A Parigi la conferenza di pace sul Medio Oriente ma non ci sono Israele e i palestinesi

La Francia rilancia la soluzione «due popoli, due Stati» ma irrita Netanyahu con il suo «approccio dall’alto»

REUTERS

Il ministro degli Esteri francese Ayrault (a sinistra) insieme al collega saudita Adel al-Jubeir

03/06/2016 GIORDANO STABILE BEIRUT, La Stampa

Ci sono trenta Paesi e tutte le grandi potenze ma non ci sono Israele e i palestinesi. La Conferenza di Parigi che si apre questa mattina nella capitale francese è il più ambizioso tentativo diplomatico per far ripartire le trattative di pace israelo-palestinesi da due anni a questa parte, quando i colloqui fra il premier israeliano Benjamin Netanyahu e il presidente palestinese Abu Mazen si sono definitivamente arenati. Ma sconta, ancora prima di partire, l’approccio «dall’alto» che ha irritato Israele.

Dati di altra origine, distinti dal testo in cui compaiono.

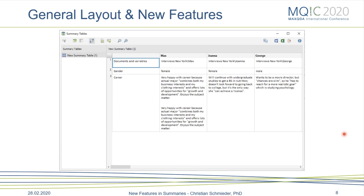The last feature I want to show you is not a new feature but it complements the new features very well — the summary table. The summary table allows you to contrast different cases, for example Max, Joanna, and George, displaying the summaries case by case. You can also import variables that you already have in MaxQDA into your summary grid. This allows you to create very concise summaries that are really helpful if you want to print them out and use them as a next step — for example in a group analysis where you print them and engage in a team activity to sort, create new codes, or create new summaries that you can then bring back into MaxQDA.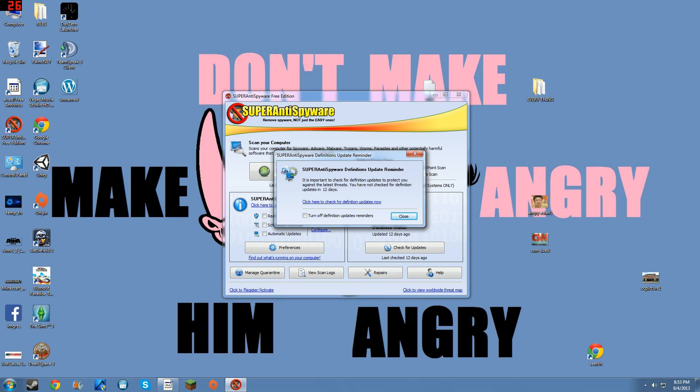What is up guys, Michael here from ComputerMD of Gilbert and today I'm going to teach you how to remove spyware, malware, and some adware from your computer.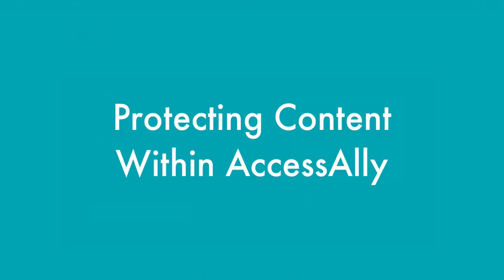Hey there, my name is Natalie Lussier and in this video we're going to talk about how you can protect your files and your content using AccessAlly.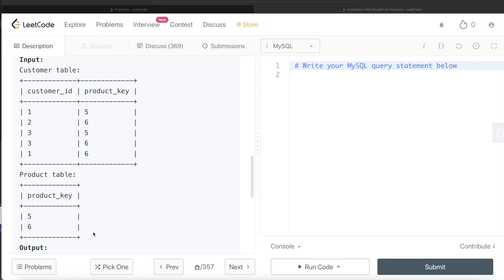Applying the same logic in that hypothetical case: the distinct product key count for customers 1 and 3 would be 2, and for customer 2 it would be 1, while the distinct product count in the Product table would be 3 (five, six, and seven). Since there is no equality for any customer, it would return no results. You can see this logic passes in all test cases, and again this is only possible because product_key in the Customer table is defined as a foreign key to the Product table.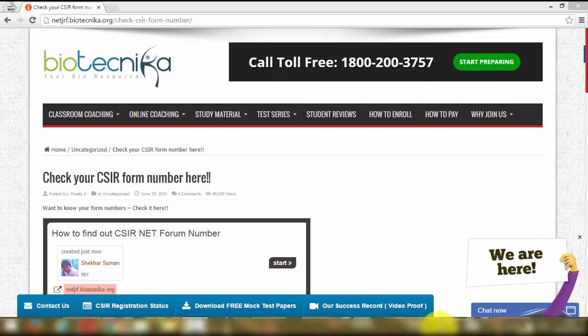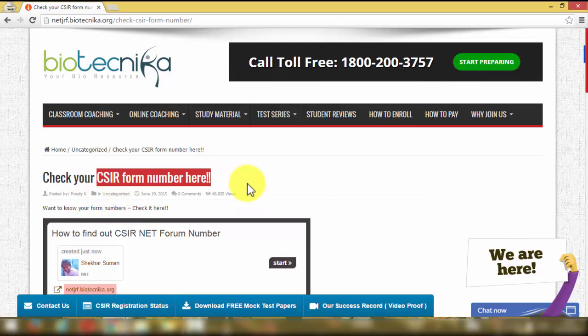Hello everybody, this is Shekhar from Biotechnica. Today I'm doing this video for those who are applying for CSINet and want to download the admit card. I've been getting repeated inquiries from people who have forgotten their form number, so if you have forgotten the form number for CSINet, I'm going to show you a way to retrieve it.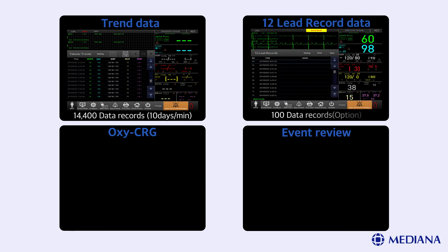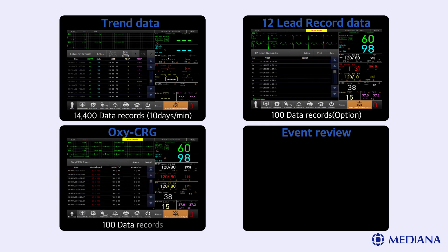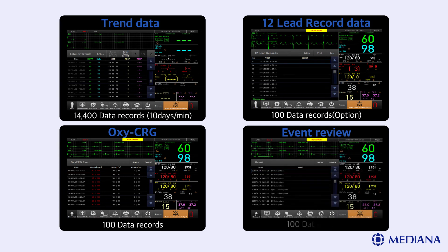For 12 lead record data, the monitor displays 10 data on screen and 100 records can be saved. For OxyCRG, the review screen shows the heart rate range and SPO2 range. If you change the screen into event list, it shows other features. For event review, the data can be saved before and after an event occurs.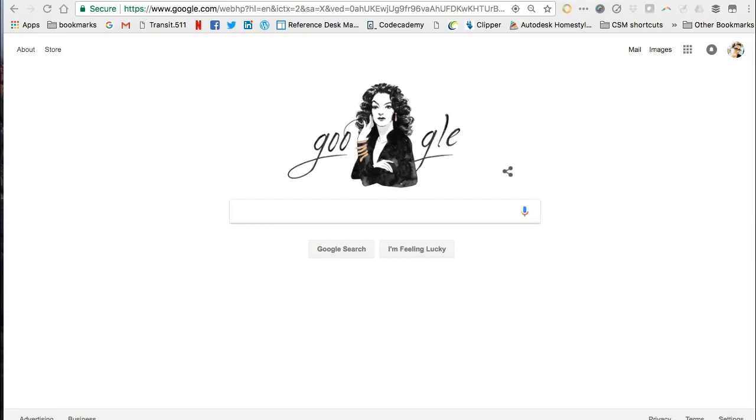Hello class! This video gives an overview of how to search for copyleft images using Google Search.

«Si faccia la scelta coraggiosa della pace» ha detto François Hollande all’apertura della Conferenza. Per il presidente francese doveva essere il preludio di un’altra Oslo, un balzo in avanti ottenuto spingendo al massimo la pressione internazionale sulle due parti riottose. Ma il muro eretto da Netanyahu ha limitato di molto le ambizioni. Il governo israeliano e media vicini oggi sono arrivati a parlare di «colonialismo», di «nuovo Sykes-Picot», l’accordo anglo-francese che un secolo fa spartì il Medio Oriente fra le due superpotenze di allora. Netanyahu ha insistito che solo «colloqui diretti» fra le parti e «senza precondizioni» possono sbloccare la situazione.

Il piano di Riad 

I palestinesi invece ci avevano creduto moltissimo nei mesi scorsi, ora sono più scettici. Parigi punta a far approvare già oggi un documento che ribadisca la necessità di arrivare alla soluzione «due popoli, due Stati», come previsto dagli accordi di Oslo. La nuova spinta diplomatica, secondo fonti francesi e israeliane, sarà incentrata sul “piano saudita” del 2002. Prevedeva che i leader arabi riconoscessero Israele in cambio del ritiro dei Territori occupati dal 1967 e la creazione di uno Stato palestinese indipendente.

Entro la metà del 2017 

Secondo indiscrezioni del quotidiano israeliano “Haaretz” i francesi hanno pronto un documento in tre pagine. Oltre alla riproposizione del piano saudita, proporrebbe un calendario stretto e fitto di incontri bilaterali Israele-palestinesi per arrivare a un accordo entro la metà del 2017. Una data simbolica perché segnerà il cinquantenario della guerra dei Sei giorni che portò all’occupazione della Cisgiordania.

La carta saudita 

Netanyahu, anche se contrario a Parigi, si è mostrato invece molto disponibile sul piano saudita. La mediazione del presidente egiziano Abdel Fatah al-Sisi ha rilanciato questa opzione e anche il nuovo ministro della Difesa israeliano Avigdor Lieberman, un super-falco, ha dato il suo appoggio, almeno formale. I rapporti fra Israele e Arabia saudita (che ancora non riconosce formalmente lo Stato ebraico) sono i migliori di sempre. La cessione delle isole nel Mar Rosso dall’Egitto a Riad, con il consenso strategico di Israele, ne è la prova.

Disaccordi storici 

Restano i punti di disaccordo, e sono sempre quelli. I palestinesi insistono sul ritorno dei profughi, compresi quelli del 1948, nelle terre di origine. Israele vuole un riconoscimento da parte degli arabi e dei palestinesi come “Stato degli ebrei”. Poi c’è il problema degli insediamenti israeliani nella Cisgiordania occupata, in particolare a Gerusalemme Est, che è stata annessa da Israele.

Un altro ostacolo, però, è l’indebolimento della leadership di Abu Mazen, 81enne e malato. Il raiss, secondo fonti palestinesi, è sempre più concentrato sulla questione della successione. Con un fantasma: quello di Mohammed Dahlan, l’ex uomo forte di Al-Fatah a Gaza, cacciato dalla Striscia dal colpo di mano di Hamas nel 2007. Dahlan, 54 anni, è da allora in esilio nel Golfo. I suoi rapporti con Abu Mazen sono di odio puro: lo ha anche accusato di aver avvelenato Arafat. Dahlan è impopolare nella Cisgiordania occupata ma, secondo un retroscena di Times of Israel, Egitto, Emirati e Israele stessa lo vorrebbero come nuovo leader dell’Autorità palestinese. Uno scenario da incubo per Abu Mazen.